* _TRY IT_: Return the line that has "小学3年生の部入賞作品 | WELOVEトンボ絵画コンクール" and all lines below it through the last, exactly as they stand; omit pictures.

(Dataset entries)

┄┄┄┄┄┄

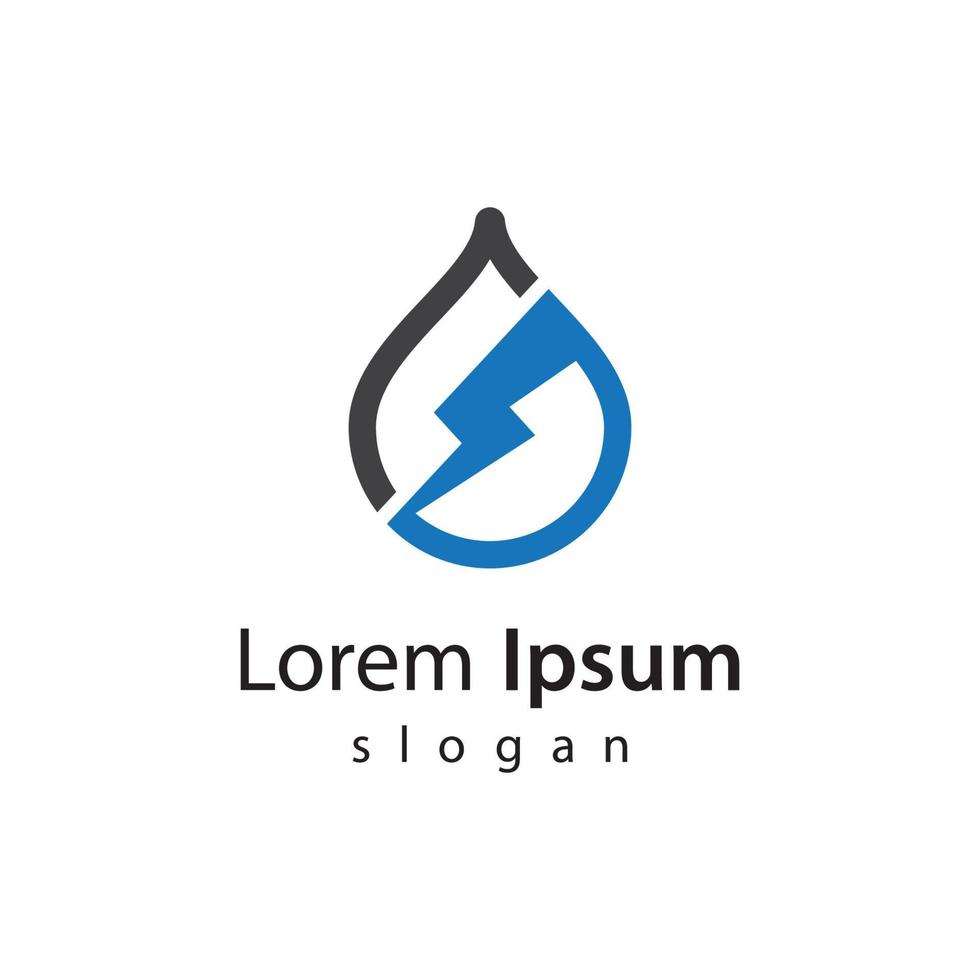 Water strom logo design vector
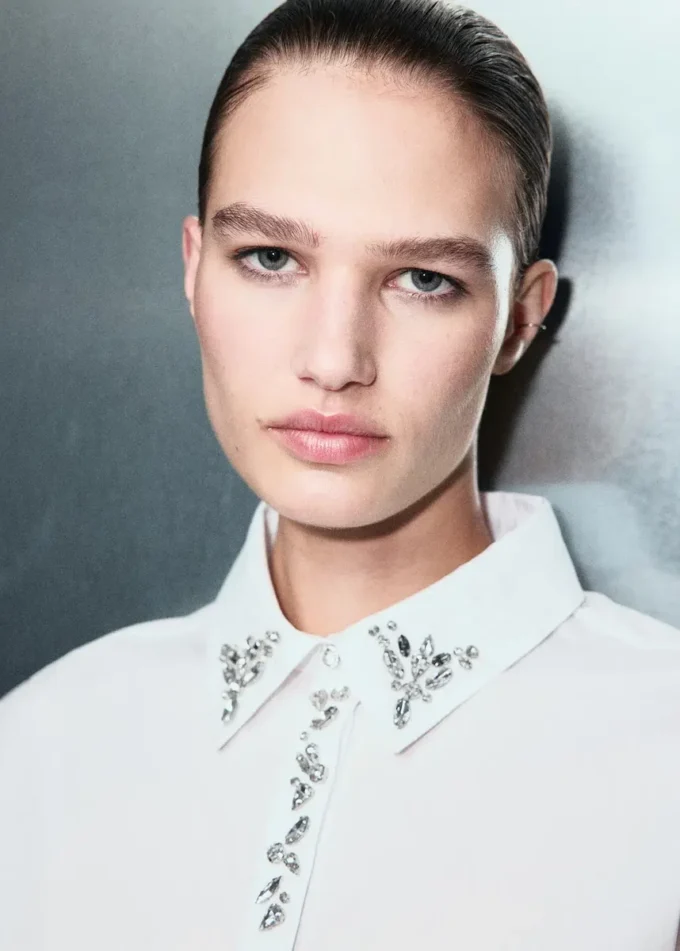 Košile s krystalovými detaily Košile s krystalovými detaily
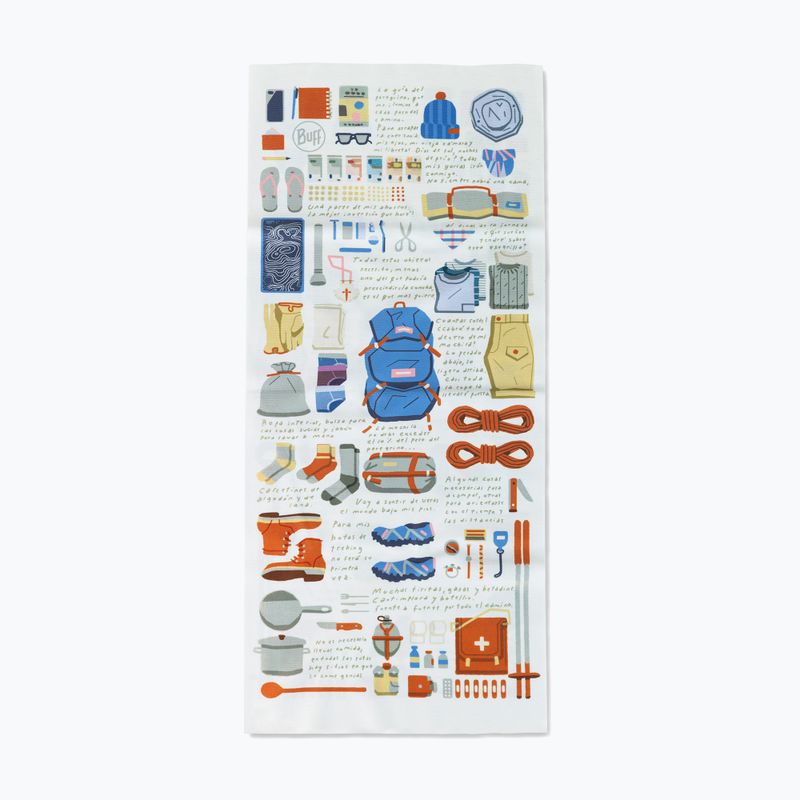 Multifunkční šátek BUFF Coolnet UV camino guide pilgrim 2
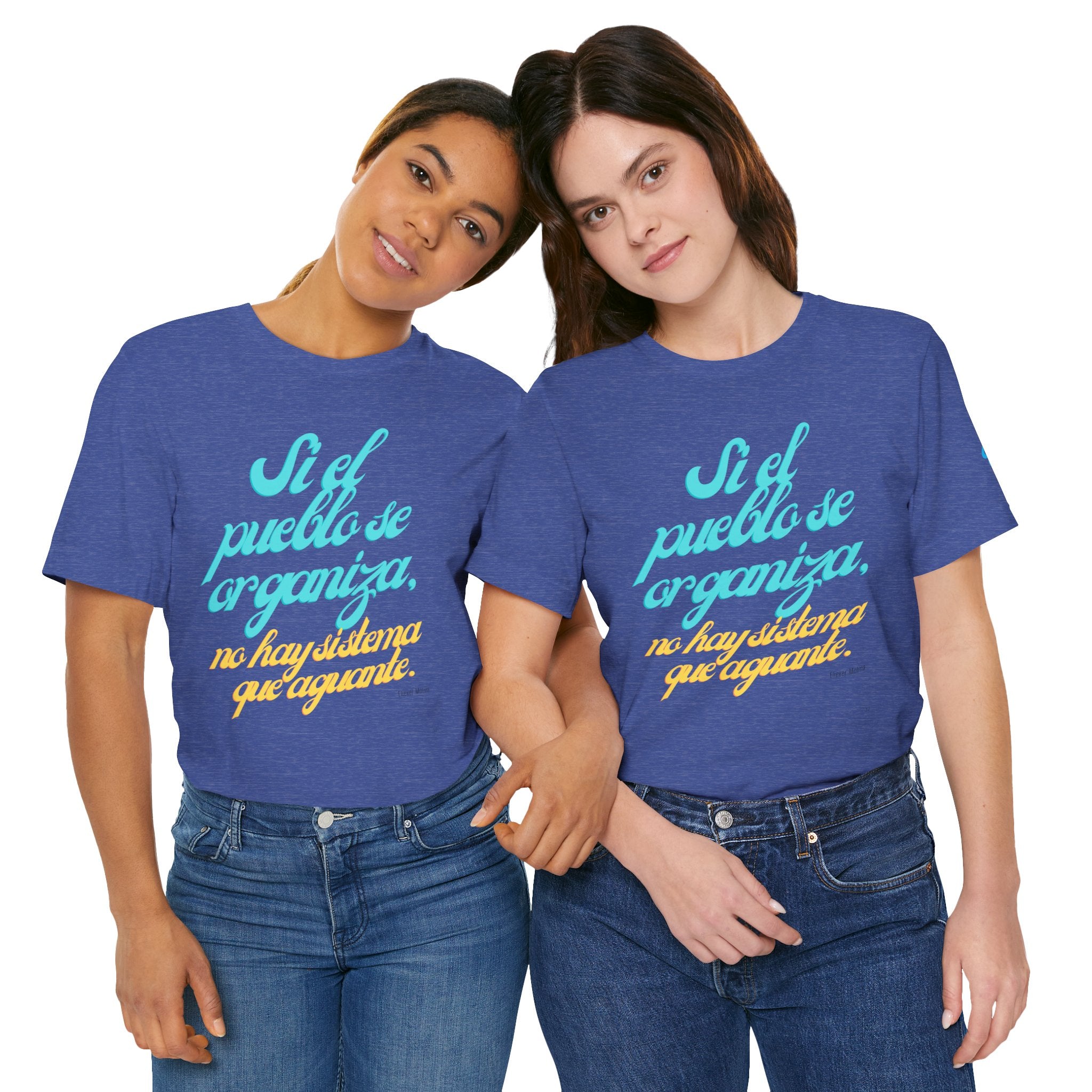 Spanish Script Tee  “Si el pueblo se organiza” Graphic T-Shirt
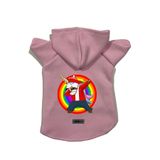 monopetz Kapişonlu Polar Sweatshirt Köpek Ve Kedi Kıyafeti & Elbisesi Pembe Yeni Unicorn XL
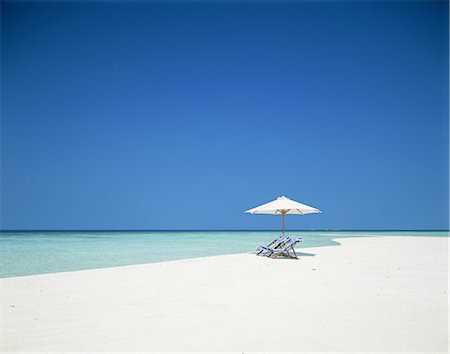 parasol de plage - Maldives Photographie de stock - Premium Libres de Droits, Code: 622-08065279
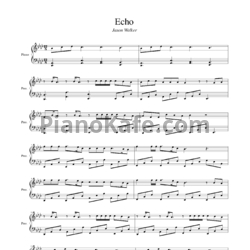 Ноты Jason Walker - Echo - предпросмотр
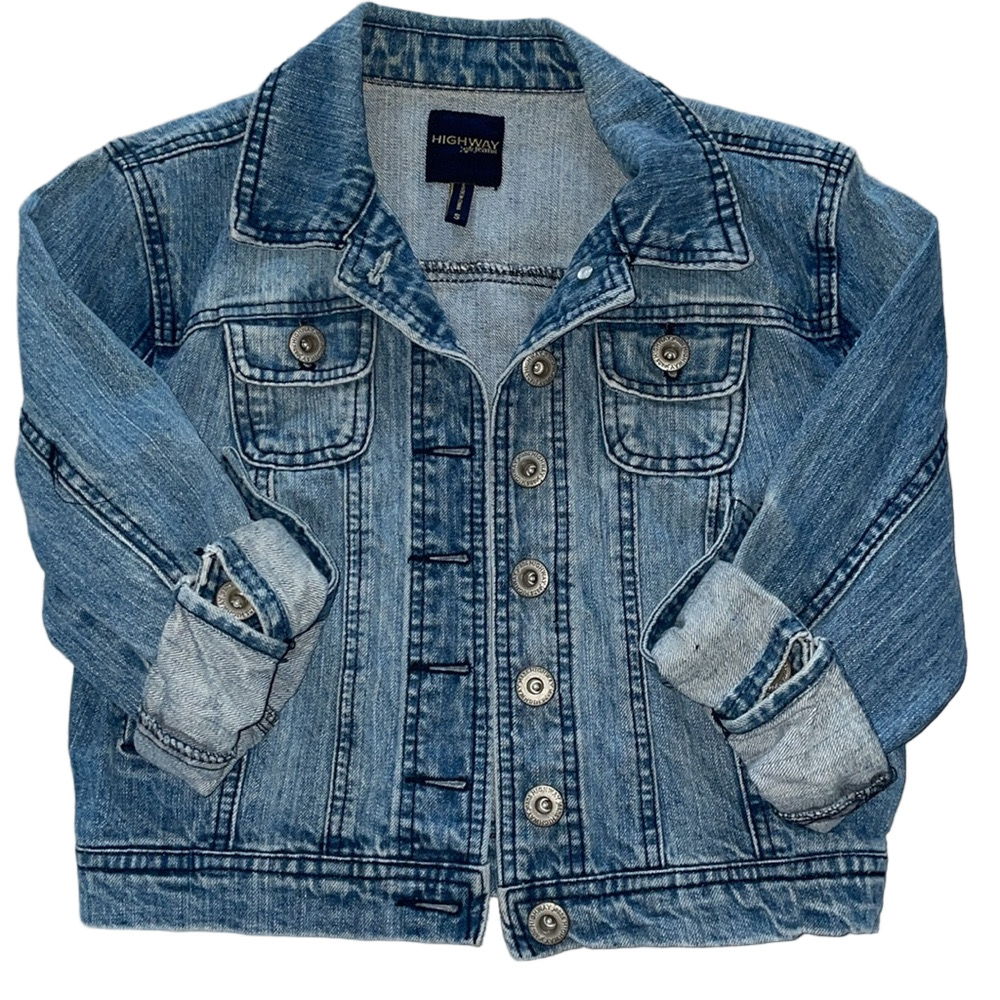 Highway Jeans Cropped Light Wash Denim Jacket Size Small 100% Cotton - Picture 2 of 9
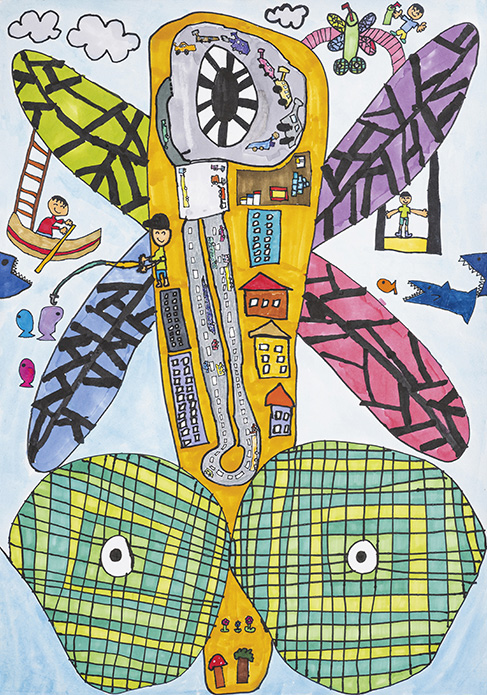 小学3年生の部入賞作品 | WELOVEトンボ絵画コンクール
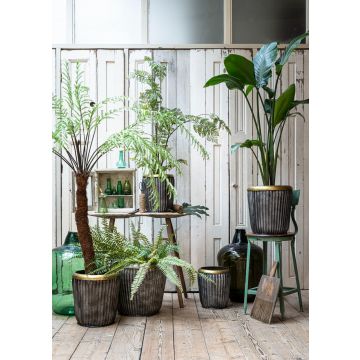 Zinken plantenpot M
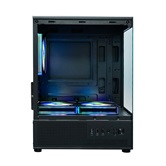 Корпус XASTRA Q300M 3ARGB-C6 Black mATX/Aquarium/Screewless/ 3x120mm ARGB PWM FM fans/Argb+PWM HUB 6port/ Q300M-3FM12A-C6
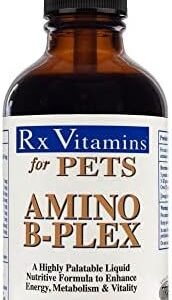 Rx Vitamins Amino B Plex for Pets - B Vitamin Complex Plus Amino Acids for Dogs & Cats - Vitamin Supplements for Dogs' & Cats' Total Body Support - 4 oz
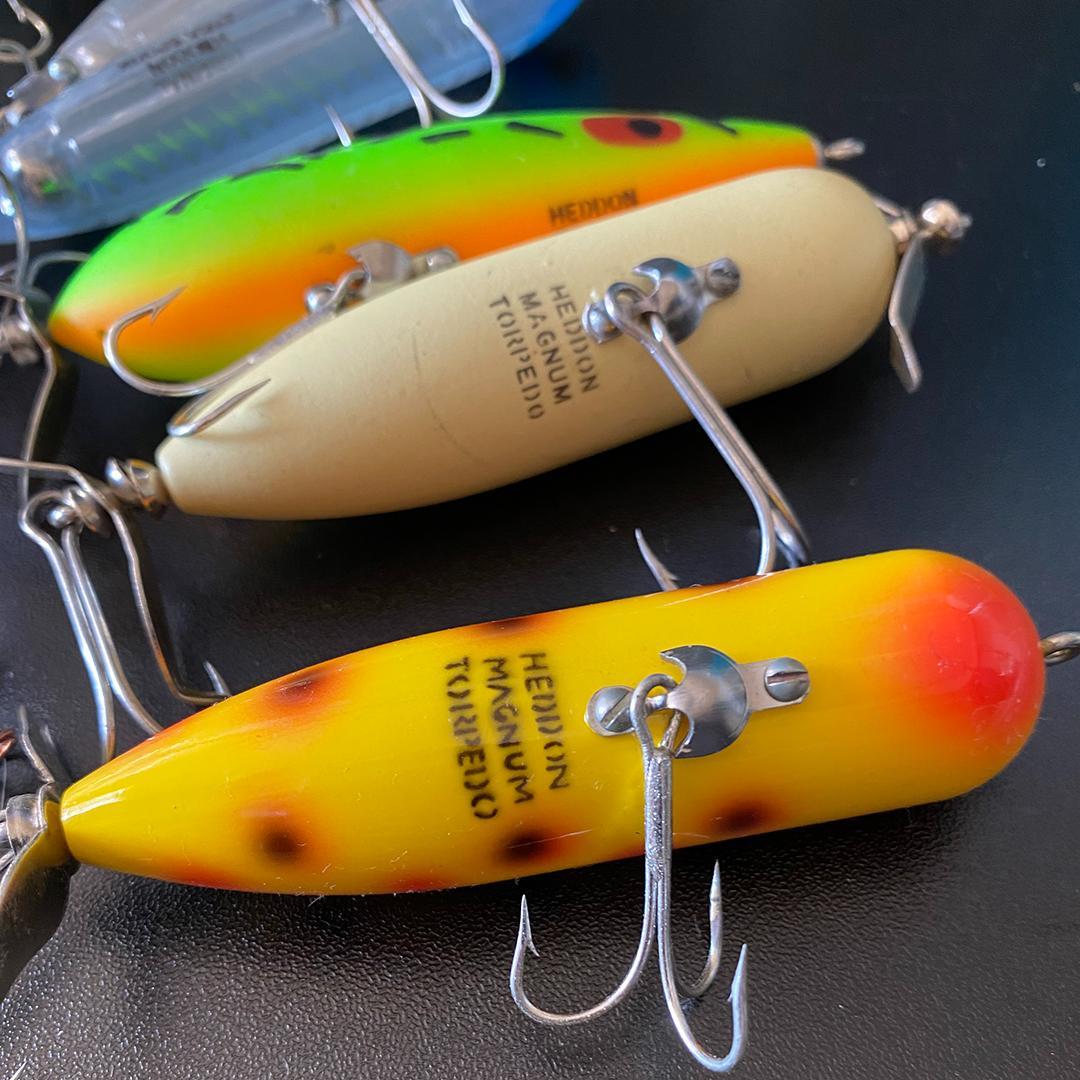 ［2005年代］アメリカンルアー（ヘドン他）14セット＋4ルアーおまけ付き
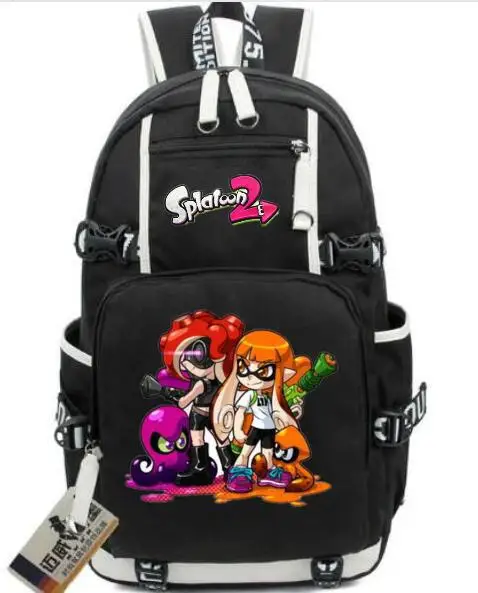 Аниме косплэй игры Splatoon 2 рюкзак для женщин школьная книга студент сумка дорожные сумки Splatoon рюкзаки для девочек подростков - Цвет: 7
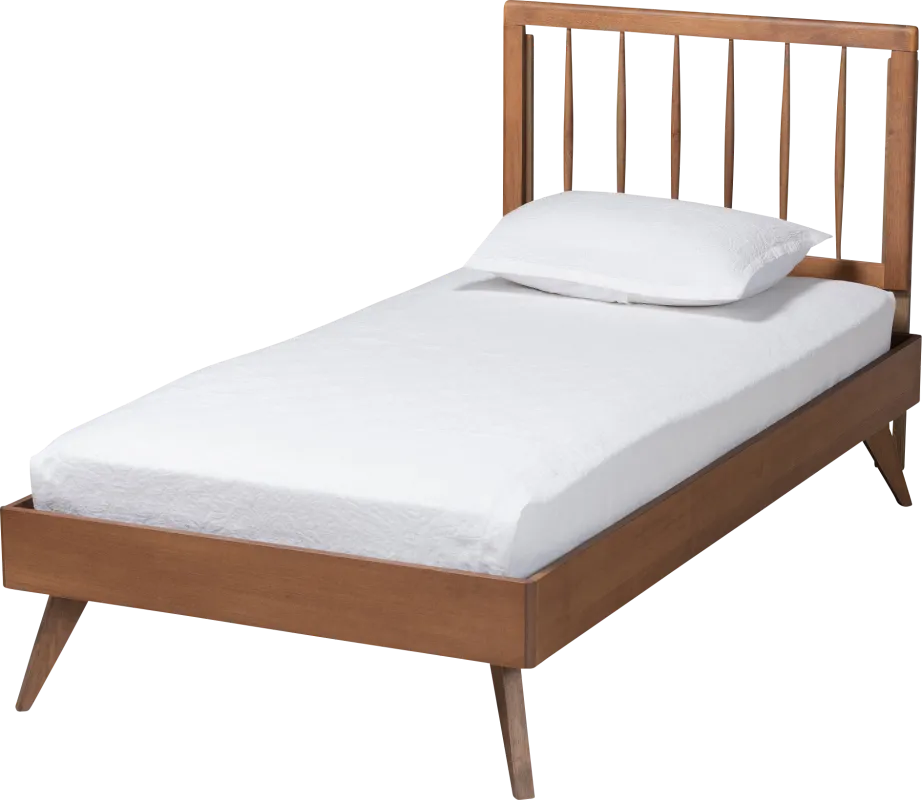 Croftwood Brown Twin Bed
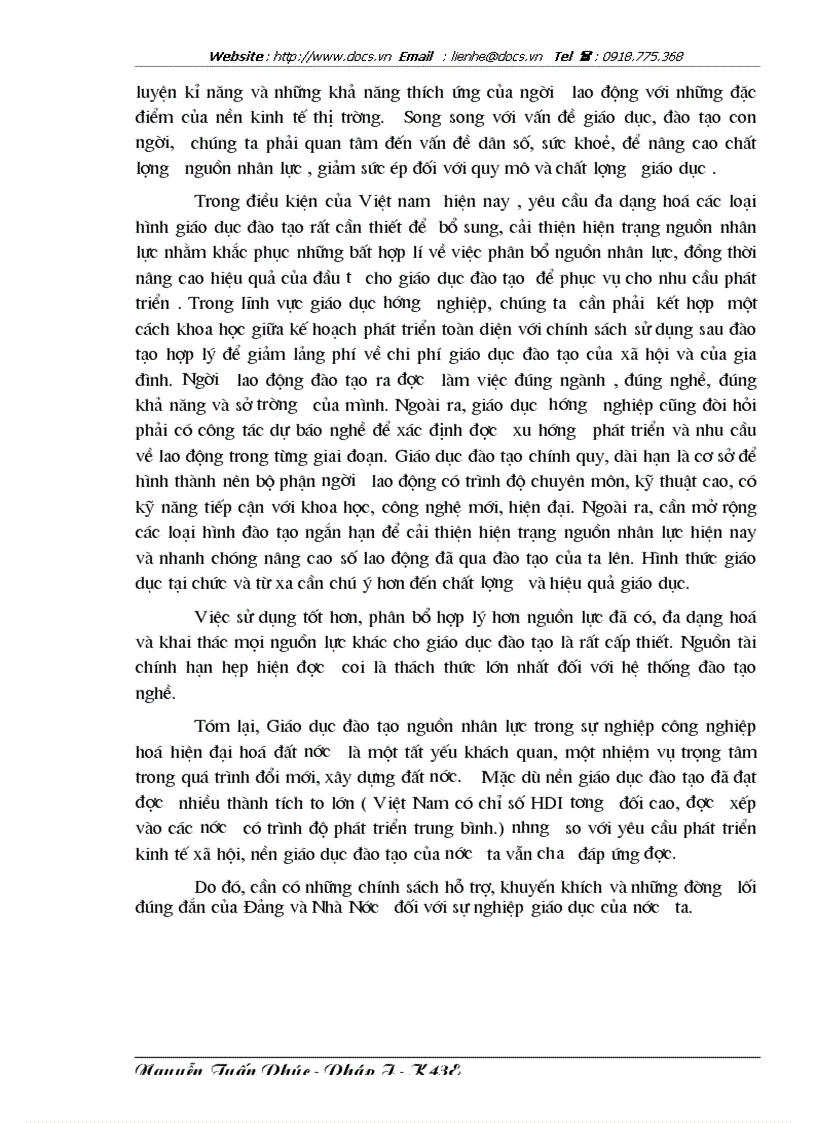 image for page Vấn đề con người trong tiến trình công nghiệp hóa hiện đại hóa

┄┄┄┄┄┄

* _TASK ANSWER_:
 小学3年生の部入賞作品 | WELOVEトンボ絵画コンクール
 Zinken plantenpot M
 Корпус XASTRA Q300M 3ARGB-C6 Black mATX/Aquarium/Screewless/ 3x120mm ARGB PWM FM fans/Argb+PWM HUB 6port/ Q300M-3FM12A-C6
 Rx Vitamins Amino B Plex for Pets - B Vitamin Complex Plus Amino Acids for Dogs & Cats - Vitamin Supplements for Dogs' & Cats' Total Body Support - 4 oz
 ［2005年代］アメリカンルアー（ヘドン他）14セット＋4ルアーおまけ付き
 Аниме косплэй игры Splatoon 2 рюкзак для женщин школьная книга студент сумка дорожные сумки Splatoon рюкзаки для девочек подростков - Цвет: 7
 Croftwood Brown Twin Bed
 image for page Vấn đề con người trong tiến trình công nghiệp hóa hiện đại hóa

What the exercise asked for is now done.